相手「もしもし。あ、お世話んなりや〜す、○○です」

ぼく「はい??」

「ですから、○○でぇす、読売新聞の」

「あぁ、はいはい」

「ご無沙汰してまぁす。どうしたんスかぁ?最近、全然お会いできないんでぇ」

「(コイツ、だれか別の人と勘違いしてんじゃねぇか?)え?あぁ、はいはい、スンマセン」

「お忙しそうでぇ・・・聞きましたよぉ。彼女ができたんですってぇ?」
「ハァ???」
「いやぁ、噂で聞きましたよぉ。沖縄の人なんですってぇ??」

「ハァ???(誰と勘違いしてんだよ。てかどこ情報だよ)いや、そんなことありませんけど」

「そうすかぁ?じゃぁ嘘情報ですねぇ。スンマセン。

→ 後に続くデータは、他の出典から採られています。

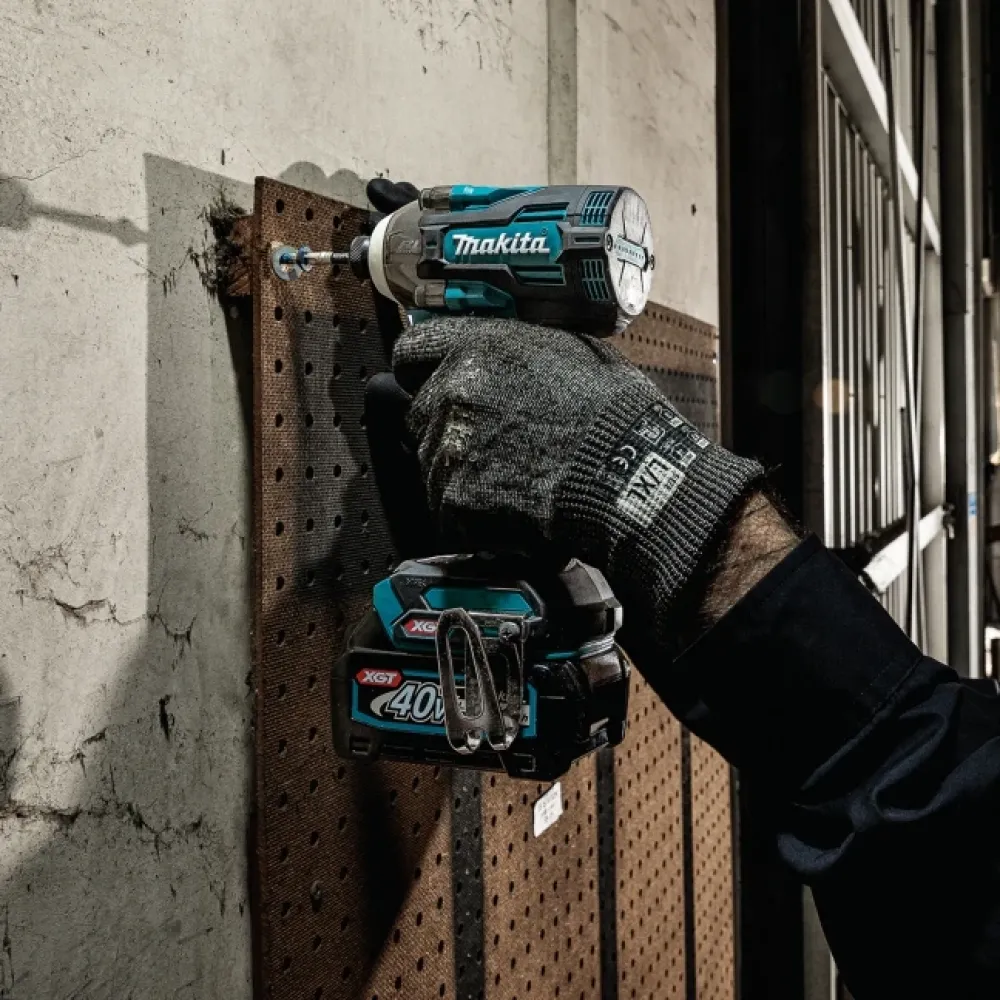 Аккумуляторный ударный шуруповерт Makita TD004GZ, 40 В, 230 Нм, 3900 уд/мин, без АКБ и ЗУ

で、電話いただいていた引き落とし日の件ですが、また改めてご連絡いたしますので、よろしくお願いいたしまぁす」

「ハァ!!!???」


ガチャ。



結局結論の出ない意味不明な電話に、吹き出しそうになった。たぶん昨日電話をして用件を伝えた相手が、いま電話をしてきた男に用件を伝えた際、いまの男はぼくを別の男と勘違いしたのだろう。そしてぼくが昨日電話をして用件を伝えた内容を、いまの男が別の内容と勘違いしたのだろう。昨日電話をして用件を伝えた男と、いま電話をかけてきた男。この二人がそれぞれ意味不明であったことに若干腹を立てながら、ふと思った。おそらく勘違い電話であるいまの男の話に乗っかったぼくも同罪じゃないかと。きっといま電話をかけてきた男は、なにかの拍子に勘違いだったと気付いた時、ゾッとするに違いない。そんな場面を密かに想像してニヤッとしたぼくは何罪?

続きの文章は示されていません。